WHAT YOU HAVE TO DO —
For this listing, the lines between the one holding "Mini Vintage GG" and the one holding "Dry Bones Come", inclusive, must be set down exactly.

TASK MATERIAL —
=== Section Start ===

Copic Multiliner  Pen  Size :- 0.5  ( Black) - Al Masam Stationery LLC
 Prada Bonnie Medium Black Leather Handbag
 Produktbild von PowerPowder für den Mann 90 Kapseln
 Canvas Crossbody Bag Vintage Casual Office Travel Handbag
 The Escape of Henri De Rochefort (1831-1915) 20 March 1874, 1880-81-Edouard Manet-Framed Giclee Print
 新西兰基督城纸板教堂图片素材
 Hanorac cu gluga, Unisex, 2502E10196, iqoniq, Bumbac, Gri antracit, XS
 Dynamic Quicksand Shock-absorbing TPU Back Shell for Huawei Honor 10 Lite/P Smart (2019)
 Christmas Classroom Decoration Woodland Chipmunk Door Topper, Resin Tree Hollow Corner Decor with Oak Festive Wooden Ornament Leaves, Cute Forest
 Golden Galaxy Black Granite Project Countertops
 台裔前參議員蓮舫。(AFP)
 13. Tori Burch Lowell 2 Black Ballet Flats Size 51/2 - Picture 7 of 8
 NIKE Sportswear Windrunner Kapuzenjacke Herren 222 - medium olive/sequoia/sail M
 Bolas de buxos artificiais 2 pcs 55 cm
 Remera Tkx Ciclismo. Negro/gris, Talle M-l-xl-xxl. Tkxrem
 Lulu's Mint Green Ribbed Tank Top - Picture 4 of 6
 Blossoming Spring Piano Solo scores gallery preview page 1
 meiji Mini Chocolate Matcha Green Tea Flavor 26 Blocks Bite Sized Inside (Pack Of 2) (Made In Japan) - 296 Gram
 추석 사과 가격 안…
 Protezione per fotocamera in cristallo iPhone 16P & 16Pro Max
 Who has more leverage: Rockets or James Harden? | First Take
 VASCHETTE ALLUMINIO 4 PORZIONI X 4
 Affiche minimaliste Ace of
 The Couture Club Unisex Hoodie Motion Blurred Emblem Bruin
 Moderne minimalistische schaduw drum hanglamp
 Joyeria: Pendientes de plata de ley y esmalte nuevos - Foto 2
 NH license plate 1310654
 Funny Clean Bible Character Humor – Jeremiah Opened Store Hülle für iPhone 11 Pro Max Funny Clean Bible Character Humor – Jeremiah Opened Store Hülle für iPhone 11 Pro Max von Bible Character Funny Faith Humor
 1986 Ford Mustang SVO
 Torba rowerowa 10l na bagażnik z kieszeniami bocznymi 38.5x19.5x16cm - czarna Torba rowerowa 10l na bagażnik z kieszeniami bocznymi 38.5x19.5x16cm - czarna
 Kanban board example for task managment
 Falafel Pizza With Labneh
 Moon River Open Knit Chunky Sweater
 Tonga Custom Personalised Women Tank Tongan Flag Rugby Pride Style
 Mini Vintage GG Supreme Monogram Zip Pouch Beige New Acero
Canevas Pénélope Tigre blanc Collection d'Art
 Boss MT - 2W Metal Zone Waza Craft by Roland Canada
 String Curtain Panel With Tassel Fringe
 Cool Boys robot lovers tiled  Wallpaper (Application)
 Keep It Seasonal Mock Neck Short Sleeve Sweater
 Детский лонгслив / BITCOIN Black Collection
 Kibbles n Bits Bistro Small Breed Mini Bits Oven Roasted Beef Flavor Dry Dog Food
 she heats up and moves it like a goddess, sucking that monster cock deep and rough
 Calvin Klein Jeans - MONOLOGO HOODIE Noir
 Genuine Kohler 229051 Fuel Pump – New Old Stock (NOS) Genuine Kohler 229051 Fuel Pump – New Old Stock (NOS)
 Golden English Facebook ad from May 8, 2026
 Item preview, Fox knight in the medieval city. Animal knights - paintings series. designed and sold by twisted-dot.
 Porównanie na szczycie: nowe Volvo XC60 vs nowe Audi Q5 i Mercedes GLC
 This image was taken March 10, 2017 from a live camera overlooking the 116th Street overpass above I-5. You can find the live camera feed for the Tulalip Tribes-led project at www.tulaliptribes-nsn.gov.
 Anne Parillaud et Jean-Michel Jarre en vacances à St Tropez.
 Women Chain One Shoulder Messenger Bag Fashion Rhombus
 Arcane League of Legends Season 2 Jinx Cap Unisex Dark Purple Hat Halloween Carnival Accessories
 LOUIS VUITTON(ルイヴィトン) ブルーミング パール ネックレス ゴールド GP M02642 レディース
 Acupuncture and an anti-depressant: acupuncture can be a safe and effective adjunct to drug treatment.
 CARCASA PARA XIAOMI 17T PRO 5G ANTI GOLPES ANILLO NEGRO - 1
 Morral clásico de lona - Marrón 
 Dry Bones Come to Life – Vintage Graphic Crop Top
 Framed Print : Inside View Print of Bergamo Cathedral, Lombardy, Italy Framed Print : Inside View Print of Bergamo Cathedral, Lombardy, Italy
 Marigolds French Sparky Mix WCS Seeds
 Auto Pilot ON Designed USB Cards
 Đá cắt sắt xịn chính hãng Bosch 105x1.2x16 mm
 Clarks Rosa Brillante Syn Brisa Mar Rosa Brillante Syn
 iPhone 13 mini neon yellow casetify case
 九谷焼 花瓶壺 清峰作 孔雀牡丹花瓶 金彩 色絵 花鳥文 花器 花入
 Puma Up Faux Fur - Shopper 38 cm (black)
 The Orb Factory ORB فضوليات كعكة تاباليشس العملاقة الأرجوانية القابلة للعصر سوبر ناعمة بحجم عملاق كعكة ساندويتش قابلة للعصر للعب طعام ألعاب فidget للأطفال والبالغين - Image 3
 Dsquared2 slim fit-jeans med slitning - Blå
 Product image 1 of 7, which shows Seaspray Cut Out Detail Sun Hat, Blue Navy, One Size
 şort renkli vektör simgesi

=== Section End ===

SOLUTION —
 Mini Vintage GG Supreme Monogram Zip Pouch Beige New Acero
Canevas Pénélope Tigre blanc Collection d'Art
 Boss MT - 2W Metal Zone Waza Craft by Roland Canada
 String Curtain Panel With Tassel Fringe
 Cool Boys robot lovers tiled  Wallpaper (Application)
 Keep It Seasonal Mock Neck Short Sleeve Sweater
 Детский лонгслив / BITCOIN Black Collection
 Kibbles n Bits Bistro Small Breed Mini Bits Oven Roasted Beef Flavor Dry Dog Food
 she heats up and moves it like a goddess, sucking that monster cock deep and rough
 Calvin Klein Jeans - MONOLOGO HOODIE Noir
 Genuine Kohler 229051 Fuel Pump – New Old Stock (NOS) Genuine Kohler 229051 Fuel Pump – New Old Stock (NOS)
 Golden English Facebook ad from May 8, 2026
 Item preview, Fox knight in the medieval city. Animal knights - paintings series. designed and sold by twisted-dot.
 Porównanie na szczycie: nowe Volvo XC60 vs nowe Audi Q5 i Mercedes GLC
 This image was taken March 10, 2017 from a live camera overlooking the 116th Street overpass above I-5. You can find the live camera feed for the Tulalip Tribes-led project at www.tulaliptribes-nsn.gov.
 Anne Parillaud et Jean-Michel Jarre en vacances à St Tropez.
 Women Chain One Shoulder Messenger Bag Fashion Rhombus
 Arcane League of Legends Season 2 Jinx Cap Unisex Dark Purple Hat Halloween Carnival Accessories
 LOUIS VUITTON(ルイヴィトン) ブルーミング パール ネックレス ゴールド GP M02642 レディース
 Acupuncture and an anti-depressant: acupuncture can be a safe and effective adjunct to drug treatment.
 CARCASA PARA XIAOMI 17T PRO 5G ANTI GOLPES ANILLO NEGRO - 1
 Morral clásico de lona - Marrón 
 Dry Bones Come to Life – Vintage Graphic Crop Top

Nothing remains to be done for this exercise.